• MATERIAL PROVIDED

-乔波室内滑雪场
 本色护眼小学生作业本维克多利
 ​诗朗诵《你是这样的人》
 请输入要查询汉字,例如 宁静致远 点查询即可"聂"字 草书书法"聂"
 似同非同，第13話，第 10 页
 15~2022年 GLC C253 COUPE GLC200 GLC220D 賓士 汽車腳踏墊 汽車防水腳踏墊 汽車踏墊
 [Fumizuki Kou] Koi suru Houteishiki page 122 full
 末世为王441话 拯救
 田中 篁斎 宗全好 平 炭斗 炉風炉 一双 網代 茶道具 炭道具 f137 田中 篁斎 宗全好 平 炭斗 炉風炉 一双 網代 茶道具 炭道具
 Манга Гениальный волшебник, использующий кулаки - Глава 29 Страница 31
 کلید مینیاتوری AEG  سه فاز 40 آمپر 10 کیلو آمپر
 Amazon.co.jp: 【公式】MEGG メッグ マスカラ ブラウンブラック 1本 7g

• REQUIRED ACTION
Your answer must be the lines from the one containing "Манга Гениальный волшебник, использующий" through the last line of the entries, copied exactly, with no other lines.

• EXERCISE RESULT
 Манга Гениальный волшебник, использующий кулаки - Глава 29 Страница 31
 کلید مینیاتوری AEG  سه فاز 40 آمپر 10 کیلو آمپر
 Amazon.co.jp: 【公式】MEGG メッグ マスカラ ブラウンブラック 1本 7g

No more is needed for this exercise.